Legislation to lower existing thresholds allowing parents to take over failing schools won’t be heard by the General Assembly this year.
For the third year in a row the bill hasn’t gained traction. The Senate version, SB600 by Germantown Republican Brian Kelsey cleared the Education Committee in mid-March but was set aside to 2016 on Monday by the Senate Finance Committee.
House Sponsor John DeBerry, Jr., a Memphis Democrat, told TNReport he took his House Bill 651 off notice in the House Education Instruction & Programs Subcommittee because it lacked support.
“The only people who don’t have a representative are the parents,” DeBerry said. He added the teachers and schools have groups like the National Education Association and the Tennessee Education Association to lobby on their behalf, while parents are just being thrown under the bus by the powers that be.
DeBerry said he decided to take it off notice rather than let the committee vote the legislation down. However, he added that it will be back again next year.
DeBerry told TNReport in March his intention was to give parents “some type of voice” when a school is “mis-educating and under-educating their children,” but “the purpose of the bill gets lost in all the rhetoric.”
And while there is already a parent trigger law on the books in the Volunteer State, his legislation would “make it more amenable for parents to trigger the parent trigger, so that they can more or less alter a school in the best interests of their children,” DeBerry said.
The Memphis Democrat said he was pushing his legislation because he thinks the 60 percent threshold currently required by law was too much.
“How are you going to get 60 percent of anything in America in one place, at one time, everyone sign on the dotted line?” DeBerry questioned, before adding that his legislation — which would implement a new threshold of 51 percent — would “bring it to a realistic number of people.”
Last year, DeBerry’s bill made it through the committee process before dying in the House Finance Subcommittee.
Jim Wrye, the TEA’s government relations manager, told TNReport last month that “the latest iteration of the parent trigger bill has got some real problems,” including that it “overrides the duly elected school board.”
But their biggest issue is that the parent trigger law is “already on the books,” and it would be better for parents to “utilize what’s there before we start recreating something else.”
Wrye added that the suggested threshold of 51 percent of parents at a school is “incredibly low.” He pointed out that there hasn’t been a petition drive to take over a school yet, and characterized DeBerry’s legislation as “an avenue for out-of-state folks” to push their agenda.
TEA ‘diametrically opposed’ to DeBerry — the ‘worst legislator’ on their issues
And the disagreement between state’s largest teacher’s union and one of the Legislature’s most vocal school choice advocates isn’t limited to his push for more parental control in local education decisions.

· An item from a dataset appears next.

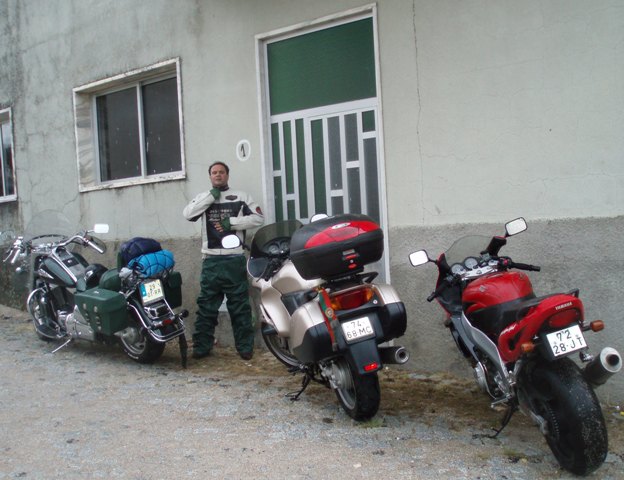 [moto17.JPG]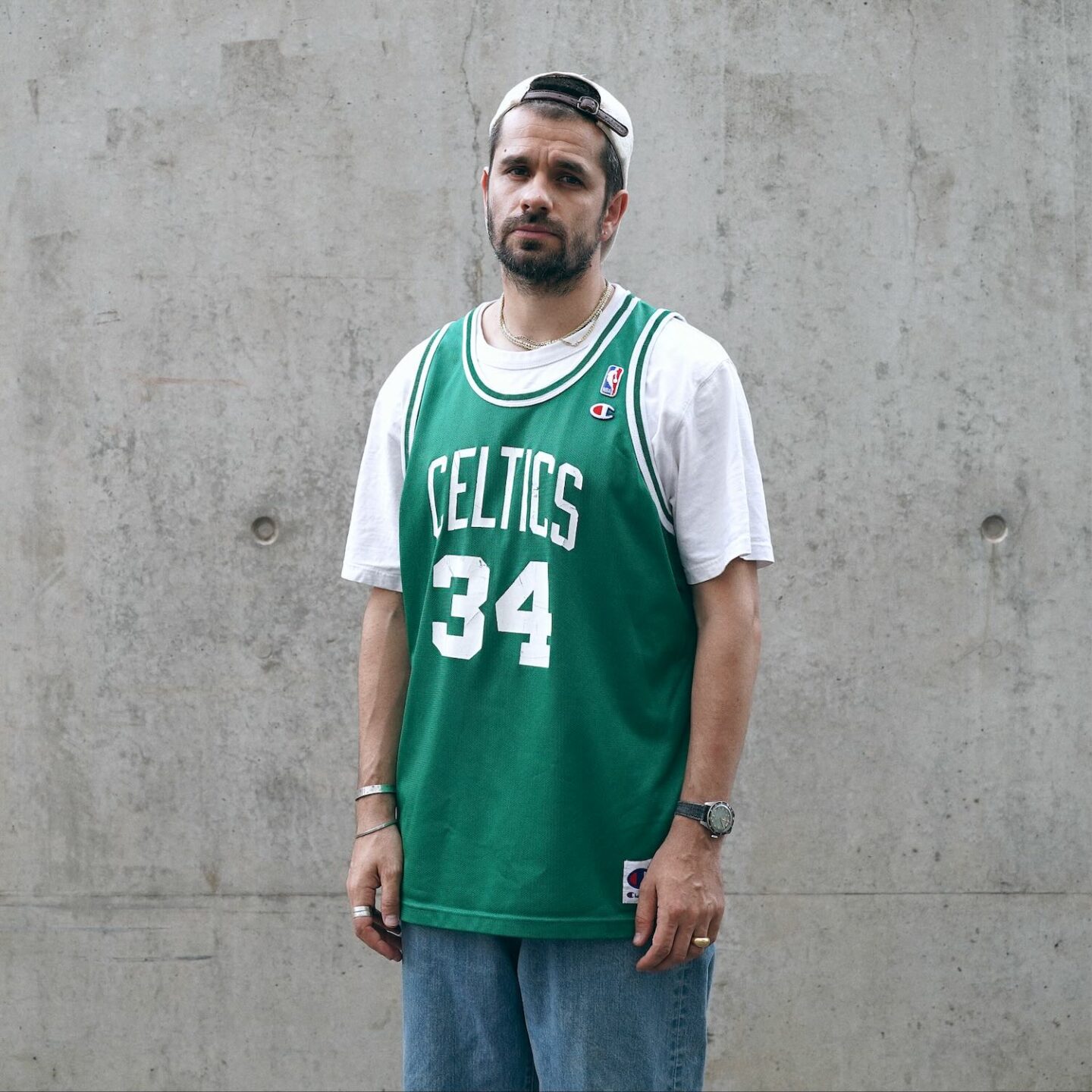 tenue avec un maillot de basket des boston celtics vintage, marque champion de l'année rookie de Paul pierce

In an article from early March, Tennessee Watchdog pointed out that the TEA routinely gave more donations to white legislators — including Republicans — than they did black Democrats.
Wrye admitted this happened, but the decision on what races the organization’s money is spent on is determined by how competitive the election will be, not the race of the candidate.
However, Wrye also pointed out to Watchdog that the TEA won’t donate to DeBerry, because “he is probably the worst representative on our issues.”
DeBerry chafed at the criticism. “I’m not the type of person that’s going to follow the company line, and just because they say this is good for teachers I’m not going to ask any questions.”
DeBerry said he’s “never worked against teachers,” and has always voted “in their best interest.”
He pointed out that when “Race to the Top” was first pitched, he was skeptical of it while the TEA and others rushed to support it. “If the status quo was fine, why did they support ‘Race to the Top’?”
DeBerry said he’d never heard any complaints from his constituents about how he votes. To the contrary, he said his actions have the support of his people back home.
“If I’m the worst legislator, then obviously I support the worst parents, and the worst city, and the worst schools, and the worst people. So he’s got to make up his mind,” DeBerry said.
“I’m their representative, they support what I do. And they don’t have to ask his permission.”
Wrye told TNReport later that he liked DeBerry, who he also described as “anti-public school,” but he just didn’t think the Memphis Democrat was good on their issues.
“He’s a good guy, but we’re just diametrically opposed on a lot of basic issues,” Wrye said.